Calgary-Egmont was a provincial electoral district in Calgary, Alberta, Canada, mandated to return a single member to the Legislative Assembly of Alberta using the first past the post method of voting from 1971 to 2012.

History

Boundary history
The district, covering southeast Calgary, was created in 1971 boundary re-distribution out of most of the Calgary South and Calgary Glenmore districts. The riding covered the neighborhoods of Riverbend, Acadia, Fairview, Willowpark, Mapleridge and Ramsay, Kingsland and Manchester. The riding included a large swath of industrial land including the Highfield Industrial area.

The district was named after Frederick George Moore Perceval, 11th Earl of Egmont who lived in the Calgary area until his death in 2001. His family had at one time 600 acres of ranch land in south Calgary.

Calgary-Egmont was a stronghold for electing Progressive Conservative candidates since its creation in 1971.  The district elected four PC representatives over the course of its history.

The Calgary-Egmont electoral district would be dissolved in the 2010 Alberta boundary re-distribution and would be re-distributed into the Calgary-Acadia electoral district.

Representation history

The electoral district was created in the 1971 boundary re-distribution. The first election held that year saw a hotly contested battle between Progressive Conservative candidate Merv Leitch and Social Credit candidate Pat O'Byrne. Leitch edged out O'Byrne to pick up the new district for his party.

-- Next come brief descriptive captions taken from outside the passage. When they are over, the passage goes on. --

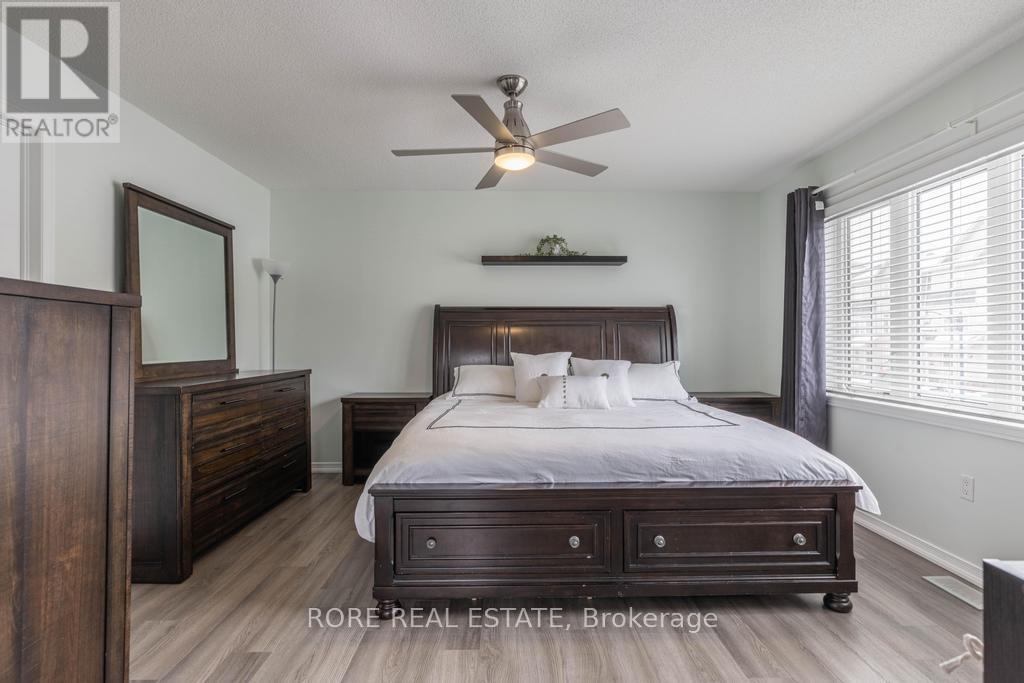 5081 Serena Drive, Lincoln, Ontario  L3J 1W4 - Photo 18 - X12728068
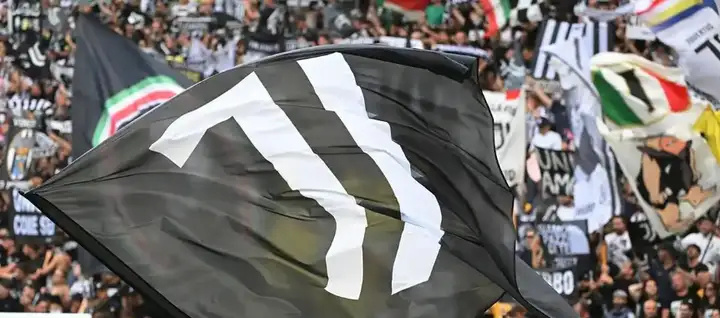 管理上存在, 往往背后会, 的策略来维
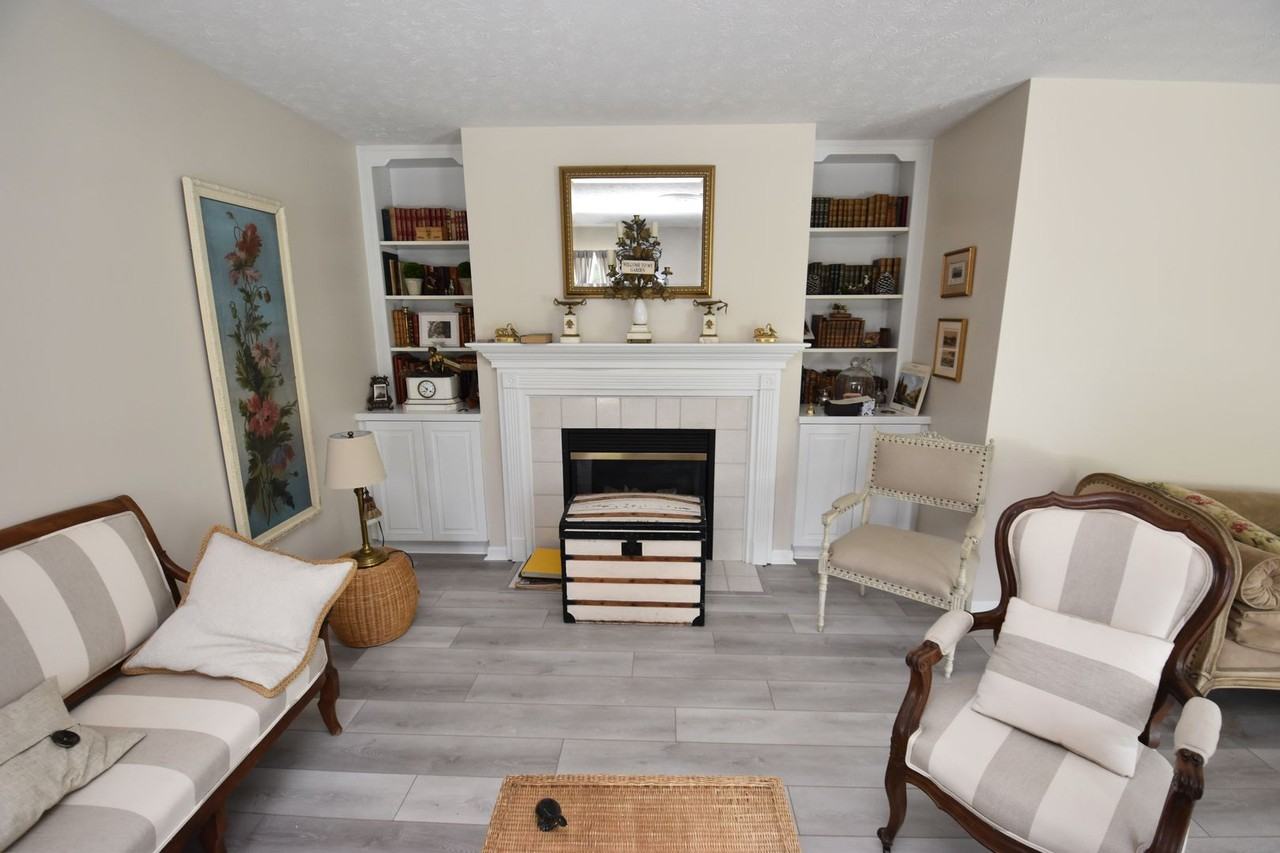 18153 Lisbon Dr - Photo 6 of 23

Premier Peter Lougheed appointed Leitch to his first cabinet shortly after the election. He ran for a second term in the 1975 general election and won with a super majority of over 75%. He was re-elected to his third and final term in the 1979 general election. Leitch retired his seat in the legislature and from cabinet at dissolution in 1982.

The second representative of the district was Calgary-Millican MLA David Carter who switched districts in the 1982 general election. Carter won the district handily taking over 75% of the vote. He won his second term in the district and third term in the assembly in the 1986 general election. Carter was elected Speaker of the House afterwards. He won re-election the 1989 general election with a reduced majority and retired from the assembly at dissolution in 1993.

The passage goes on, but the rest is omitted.